Yine âyetlerde zikrin kalp huzuruna, kurtuluşa ve bağışlanmaya vesile olacağı vurgulanmış (el-Enfâl 8/45; er-Ra‘d 13/28; el-Ahzâb 33/35; el-Cum‘a 62/10),
Mal ve evlâdın, müminleri Allah’ı anmaktan alıkoymaması gerektiği (el-Münâfikūn 63/9), gerçek müminlerin ticaret ve alışveriş gibi dünya işleri sırasında bile Allah’ı anmaktan geri durmayacakları (en-Nûr 24/37) belirtilmiştir.
Öte yandan münafıkların Allah’ı çok az andıkları (en-Nisâ 4/142), Allah’ın zikrine karşı kalpleri katı olanların açık bir sapıklık içinde bulundukları (ez-Zümer 39/22) beyan edilmektedir.
Ayrıca dua hakkında; “Rabbinize yalvararak ve gizlice dua edin.” (A’râf, 7/55; bk. En’âm, 6/63)“Korkarak ve umarak O’na dua edin.” (A’râf, 7/56)
“(Ey Peygamberim!) De ki; duanız / ibadetiniz / imanınız olmasa Rabbim size ne diye değer versin?” (Furkân, 25/77) buyurulmaktadır.
Hadislerde evrâd’u ezkâr ve dua
Hadislerde de evrâd’u ezkâr ve duanın önemine ve zikir ehlinin faziletlerine işaret edilmiş (Wensinck, el-Muʿcem, “ẕikr”, “ẕekera” md.leri), zikir halkaları cennet bahçelerine benzetilmiştir (Tirmizî, “Daʿavât”, 83).
En hayırlı amelin Allah’ı zikretmek olduğu, zikrin altın ve gümüş infak etmekten, düşmanla savaşmaktan bile üstün sayıldığı kaydedilmiştir (Tirmizî, “Daʿavât”, 6; İbn Mâce, “Edeb”, 53).
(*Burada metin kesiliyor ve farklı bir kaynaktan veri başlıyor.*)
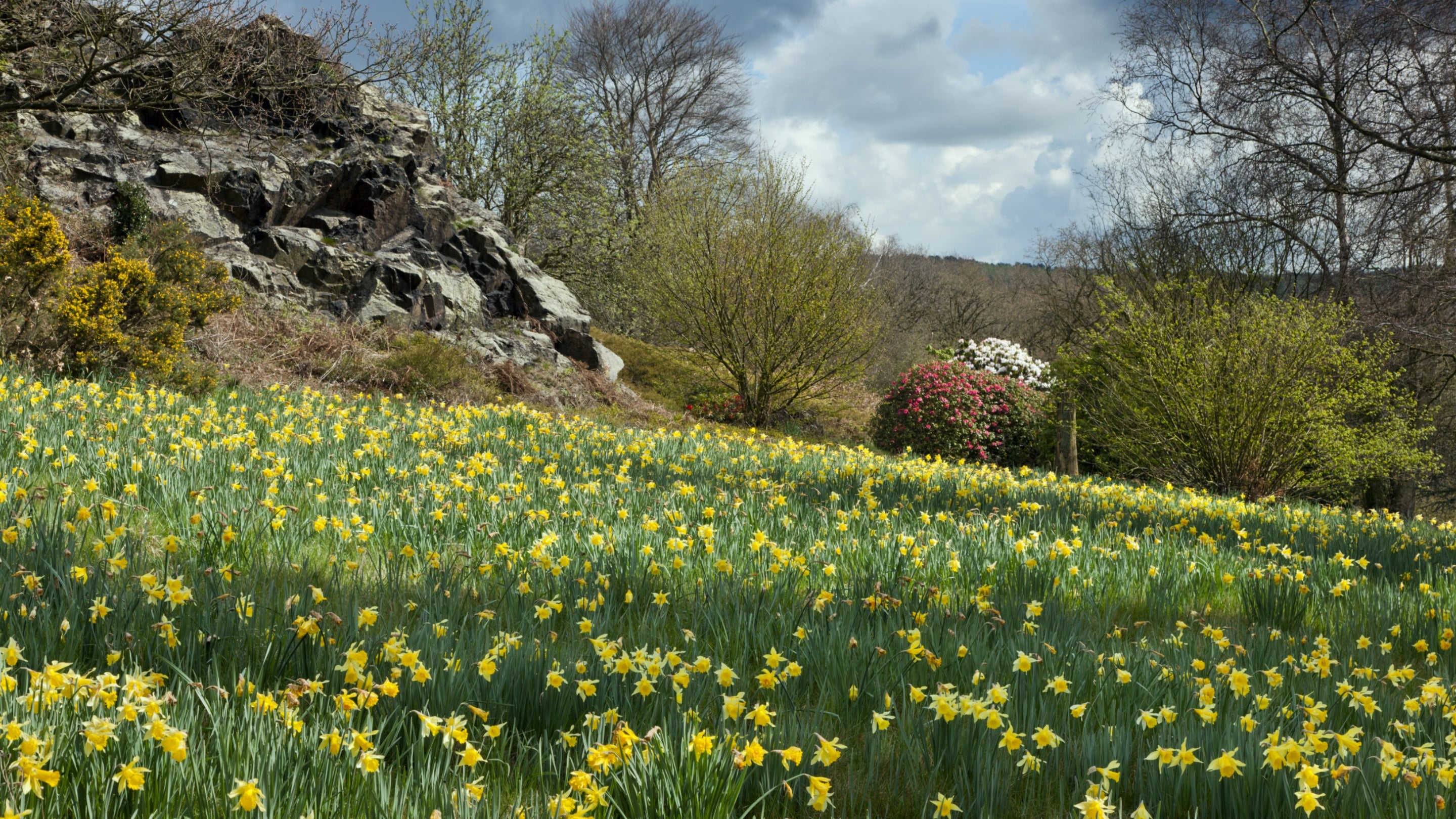 A grass meadow full of bright yellow daffodils, beneath a rocky outcrop. In the distance, a pink rhododendron is in bloom.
Ayrıca zikir maksadıyla bir araya gelen topluluğu ilâhî rahmetin ve meleklerin kuşatacağı, üzerlerine sekînet ineceği, Allah’ın da onları kendi nefsinde anacağı (Müslim, “Ẕikir”, 39; Tirmizî, “Daʿavât”, 7), yeryüzünde “Allah Allah” diyen bir kişi bulundukça kıyametin kopmayacağı belirtilmektedir (Müslim, “Îmân”, 234).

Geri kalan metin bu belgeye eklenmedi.